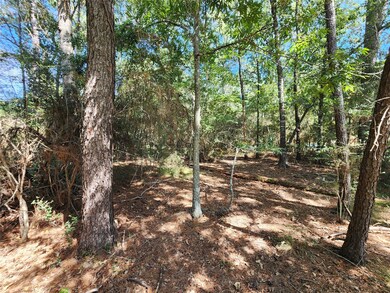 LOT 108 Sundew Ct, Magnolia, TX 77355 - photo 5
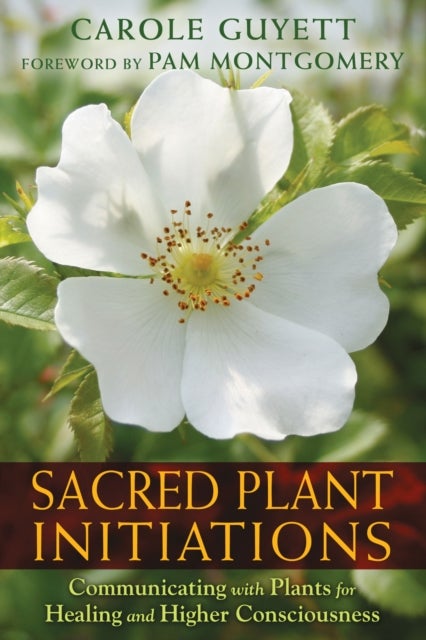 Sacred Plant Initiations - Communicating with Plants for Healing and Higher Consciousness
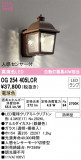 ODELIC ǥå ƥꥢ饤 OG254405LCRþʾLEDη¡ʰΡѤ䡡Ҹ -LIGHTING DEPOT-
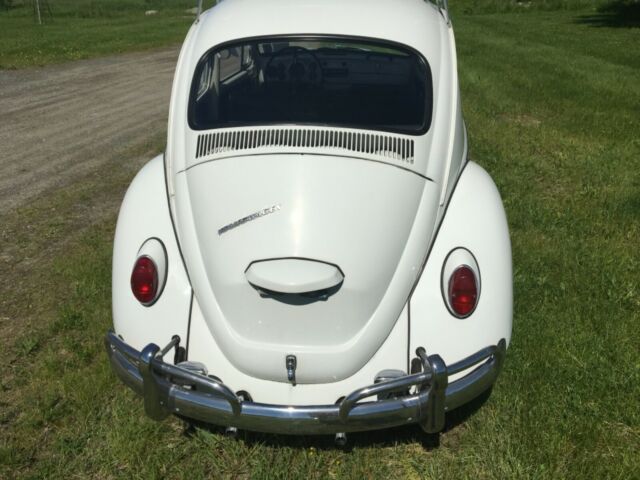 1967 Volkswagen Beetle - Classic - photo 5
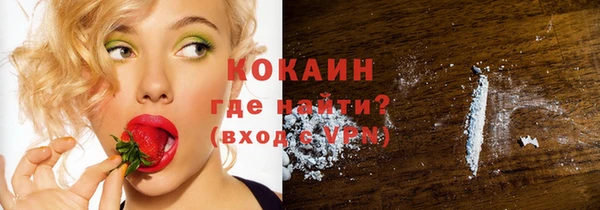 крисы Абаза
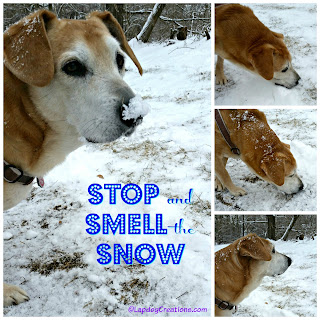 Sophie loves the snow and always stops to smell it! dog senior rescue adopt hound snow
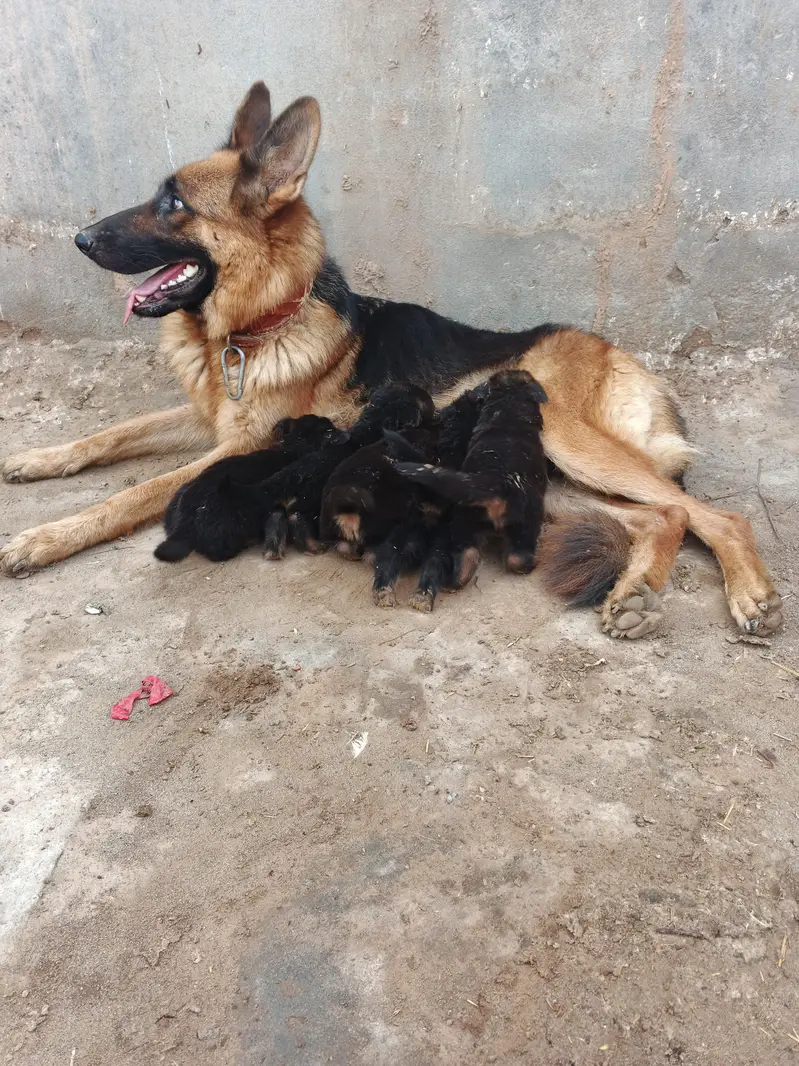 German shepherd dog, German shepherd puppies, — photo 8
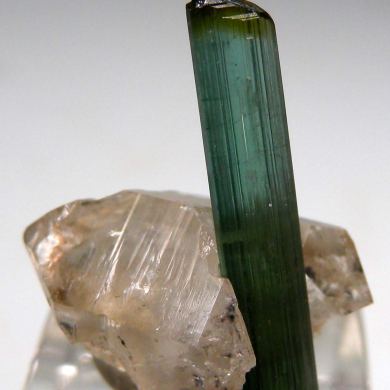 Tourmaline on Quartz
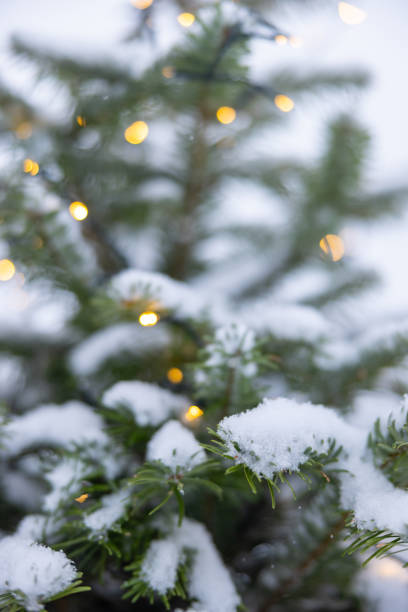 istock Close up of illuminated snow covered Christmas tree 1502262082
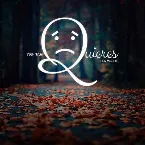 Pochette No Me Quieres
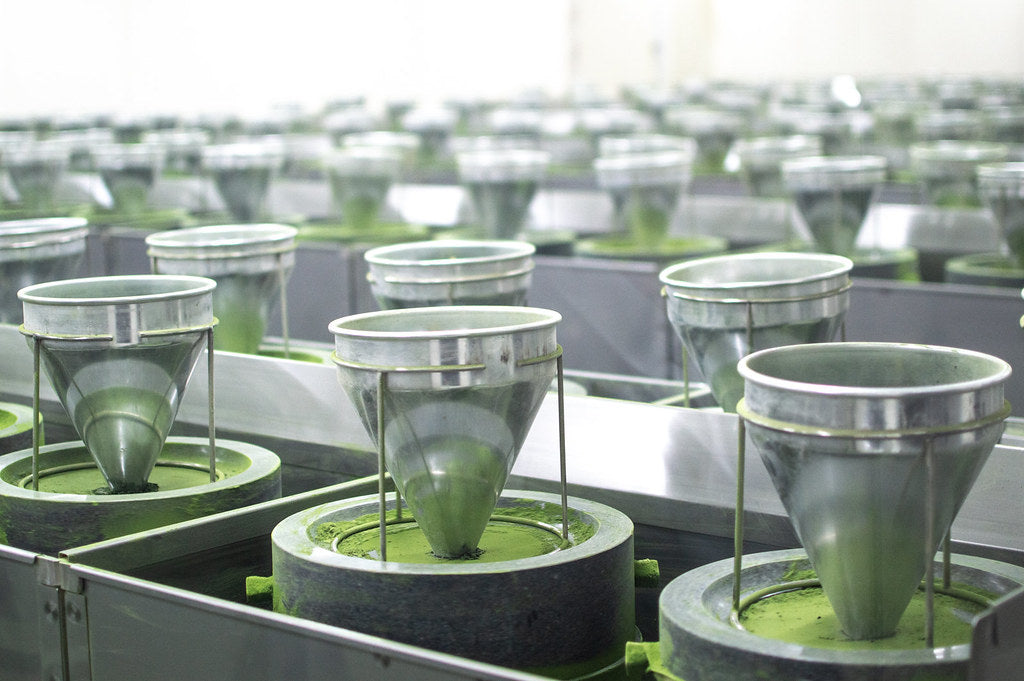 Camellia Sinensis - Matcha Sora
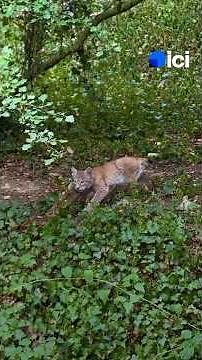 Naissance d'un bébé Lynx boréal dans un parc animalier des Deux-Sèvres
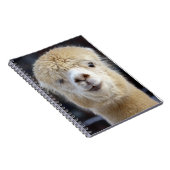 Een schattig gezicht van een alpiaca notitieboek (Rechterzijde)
====
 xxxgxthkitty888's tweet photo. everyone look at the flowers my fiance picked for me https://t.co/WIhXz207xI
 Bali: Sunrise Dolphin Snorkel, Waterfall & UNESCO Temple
====
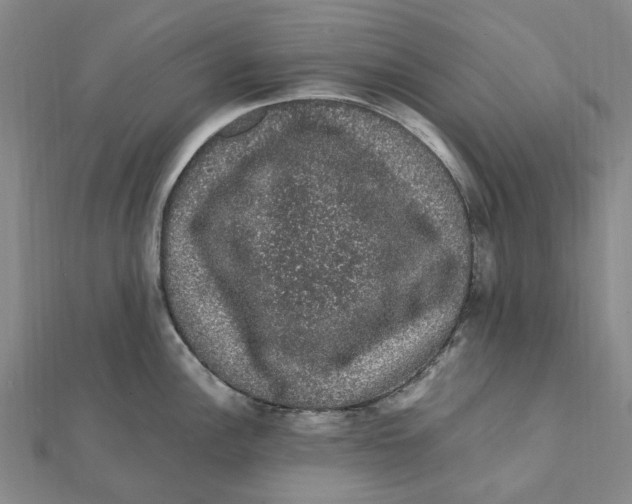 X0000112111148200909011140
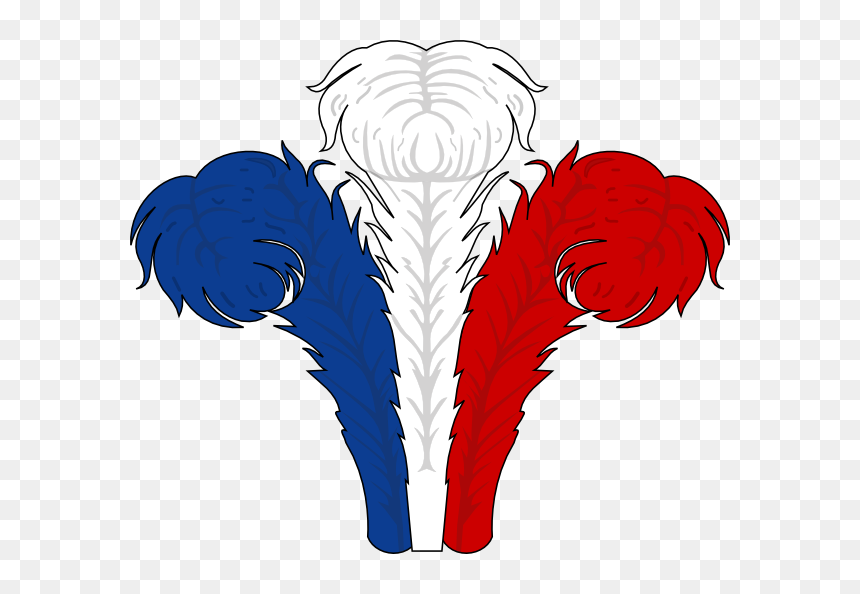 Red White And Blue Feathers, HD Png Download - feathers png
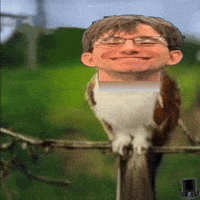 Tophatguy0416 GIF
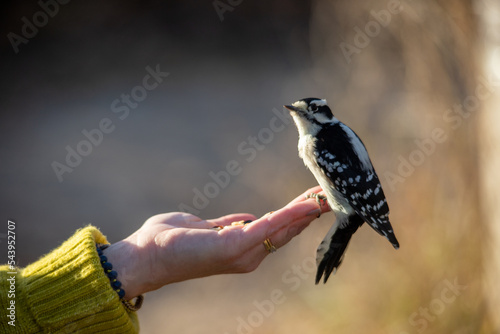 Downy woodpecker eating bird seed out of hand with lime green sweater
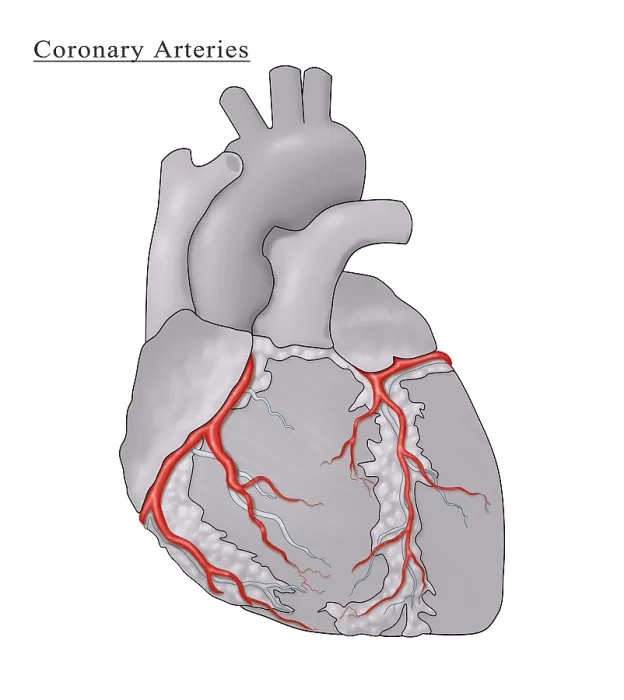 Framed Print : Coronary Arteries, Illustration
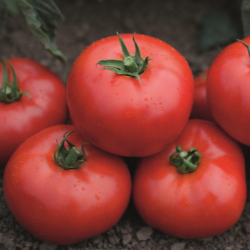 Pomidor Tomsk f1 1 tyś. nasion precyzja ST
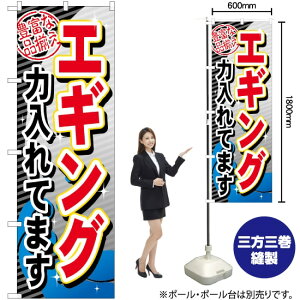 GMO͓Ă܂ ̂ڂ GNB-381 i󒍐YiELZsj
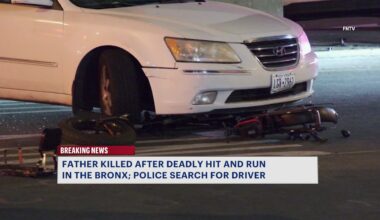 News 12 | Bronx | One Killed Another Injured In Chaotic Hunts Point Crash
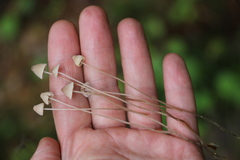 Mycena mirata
====
- [What to do]:
What lines above run from the one with "LOT 108 Sundew" to the one with "istock Close up"? Give them again exactly, ends included, and leave the pictures out.

- [Answer to the problem]:
 LOT 108 Sundew Ct, Magnolia, TX 77355 - photo 5
 Sacred Plant Initiations - Communicating with Plants for Healing and Higher Consciousness
 ODELIC ǥå ƥꥢ饤 OG254405LCRþʾLEDη¡ʰΡѤ䡡Ҹ -LIGHTING DEPOT-
 1967 Volkswagen Beetle - Classic - photo 5
 крисы Абаза
 Sophie loves the snow and always stops to smell it! dog senior rescue adopt hound snow
 German shepherd dog, German shepherd puppies, — photo 8
 Tourmaline on Quartz
 istock Close up of illuminated snow covered Christmas tree 1502262082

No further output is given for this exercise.